Sunnova submits application to develop solar + storage “micro-utilities” in California

Sunnova Energy has announced it has filed with the California Public Utilities Commission (CPUC) to develop a first-of-its-kind solar and storage-focused “micro-utility” in California.

Sunnova established a wholly owned subsidiary called Sunnova Community Microgrids California (SCMC) to own and operate EaaS offerings in new communities, including power generation, storage and distribution infrastructure. SCMC aims to develop largely self-sufficient micro-utilities by equipping new home communities with solar power and storage to provide consumers with a better energy service that allows them to live in a more resilient home and community with the latest generation of energy infrastructure. SCMC will focus on new construction homes, enabling the company to partner with developers to design and deploy distributed solar microgrids for communities that will benefit from enhanced sustainability and clean, resilient and reliable power. These communities will be known as Sunnova Adaptive Communities.

“Community microgrids are the future because they provide the unique opportunity to share excess electricity, putting power into the hands of homeowners and significantly improving the resilience of communities,” said William J. (John) Berger, founder and CEO of Sunnova . “Sunnova is breaking new ground by extending its distributed energy services platform from homes to entire communities. We envision a future where communities, neighborhoods and businesses can operate independently of the old grid with renewable energy sources that provide uninterrupted power.”

“We believe that microgrids meet a strong market need for more robust energy solutions and better connectivity,” added Berger. “The Sunnova Adaptive Community empowers consumers to produce, share and deliver power when it’s most needed. SCMC’s application highlights the relief that the existing transmission and distribution system will experience as most of the power that will be consumed by these communities will be generated locally from renewable sources. We hope the CPUC will act quickly to approve our application so that we can begin serving new communities.”

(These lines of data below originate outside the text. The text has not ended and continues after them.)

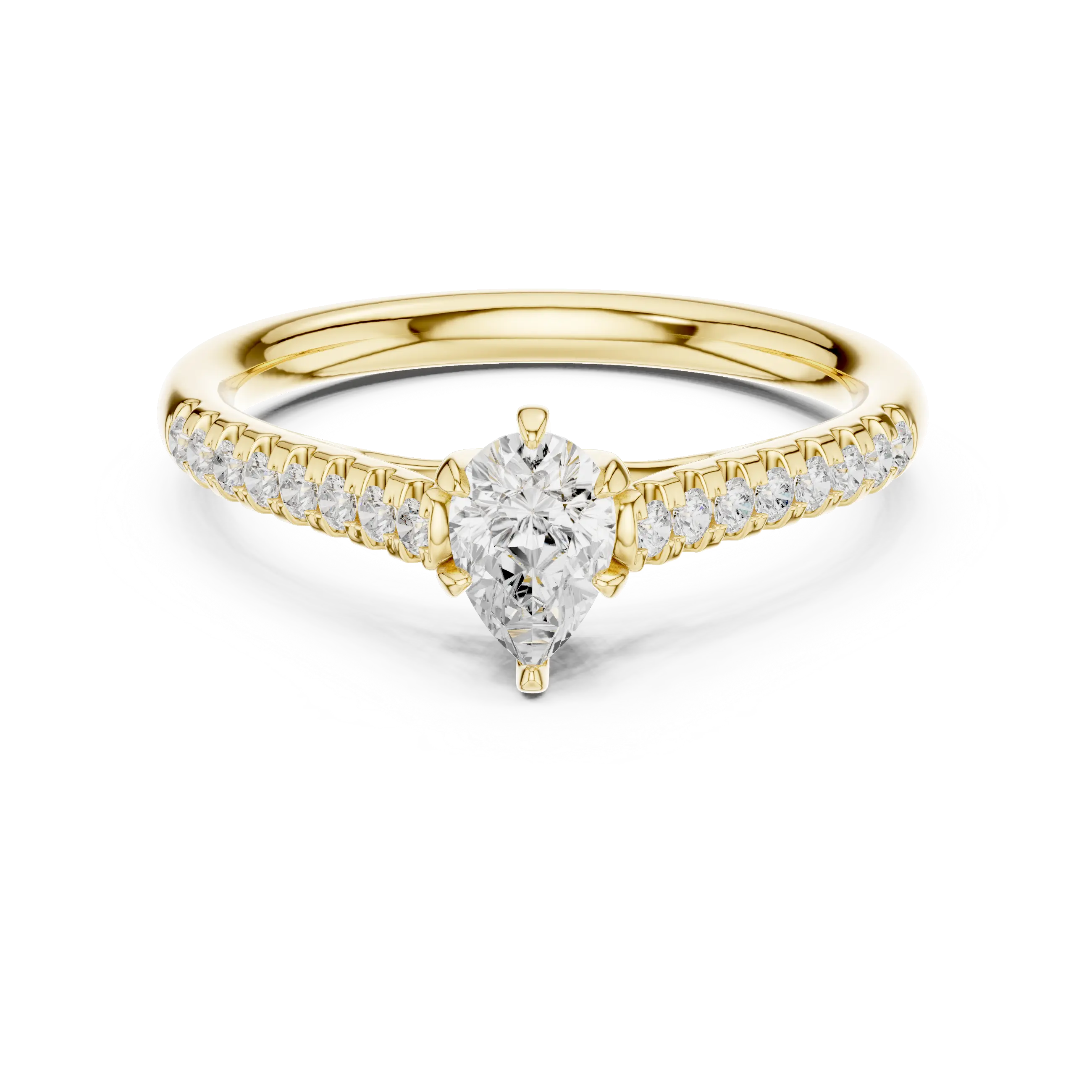 18K Rose Gold Pear-Cut Pavé Diamond Engagement Ring
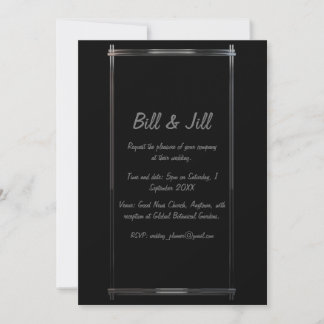 Invitación Elegante negro con Boda de borde de decó cromado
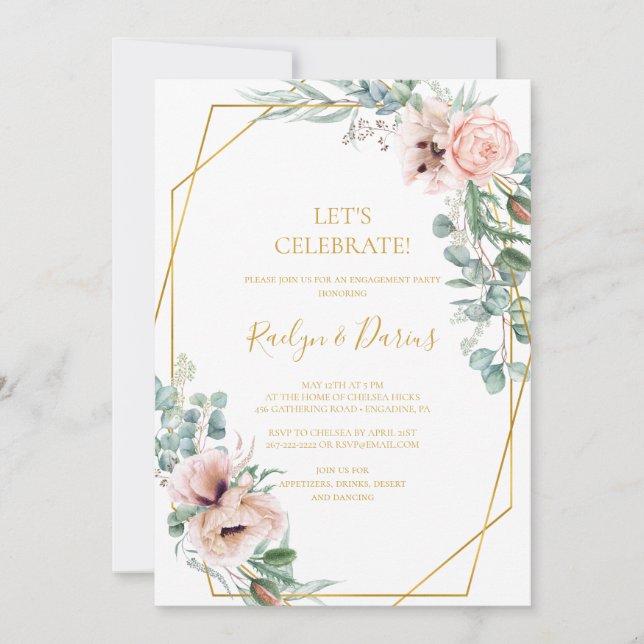 Elegante Rubor Floral | Celebremos la invitación (Anverso)
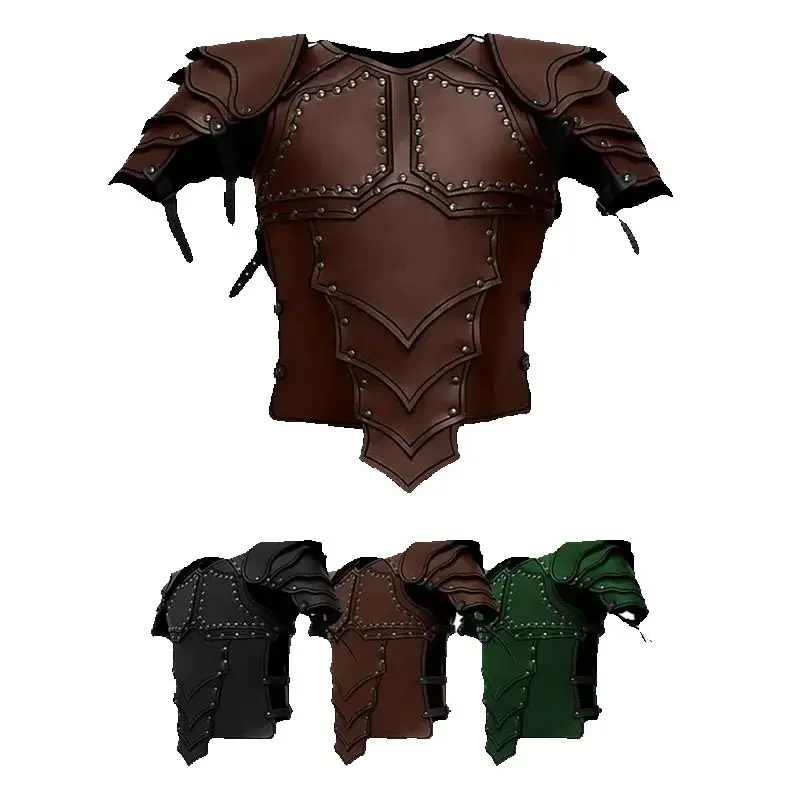 CMM Mens Medieval Viking Knight Pirate Costume Body Shoulder Armor Set Steampunk Leather Vest Armour Cosplay Outfit Pauldrons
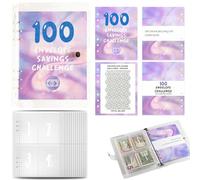 100 Savings Challenge Binder,100 Challenge Envelope Binder,Money Saving Envelopes for Cash Challenge - Money Saving Challenge Challenge, Savings Challenge Book with, Ca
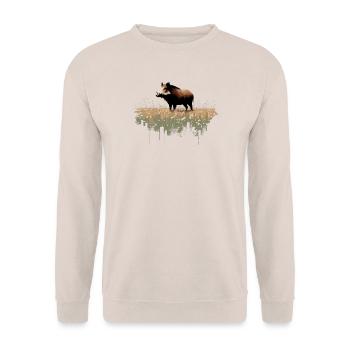 Wildschwein - Unisex Pullover - Sand - Vorne - Alina (178cm) & Michal (187cm)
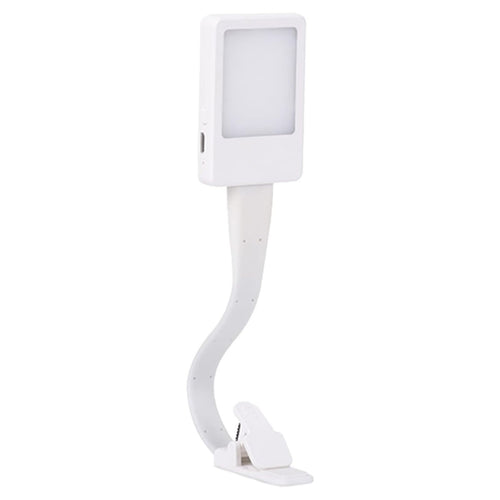 White Book Reading Lamp Flexible Clip On Bed Table USB Rechargeable LED Light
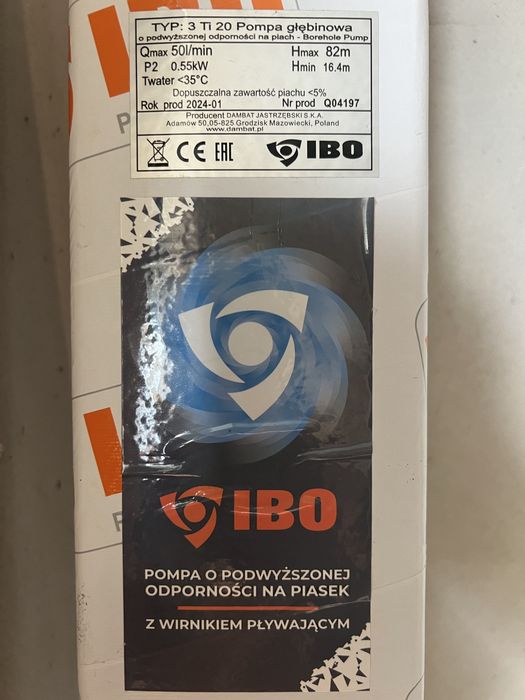 Pompa glebinowa 50l/min studnia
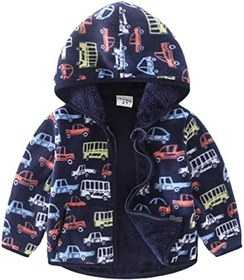 تصویر Leegosun Toddler Polar Fleece Jacket Hooded Baby Boys Girls Autumn Winter Long Sleeve Thick Warm Outerwear, Blue, 2-3T 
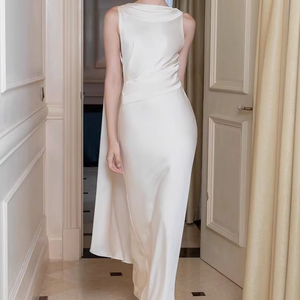 French Socialite's White Slim Fit <strong>Dress</strong> for <strong>Summer</strong> 2025, New Style with Back <strong>Straps</strong> and Exposed High Waisted Long Skirt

SCMC took formal steps for the CPUC to qualify as a “micro-utility” and to apply for a certificate to build and operate microgrids under Section 2780 and Section 1001 of the California Public Utilities Code, respectively. Sunnova sees micro-utilities as a way forward for qualified companies to propose to build multi-property microgrids for residential and commercial customers in California. By filing with the CPUC, SCMC aims to be the first solar and storage focused “micro-utility” company in California certified to own and operate nanogrids (behind the meter) and community assets, including the distribution infrastructure (front of the meter), as part of integrated microgrid communities. SCMC’s community assets include full distribution infrastructure and energy assets, including solar, battery storage and emergency generation.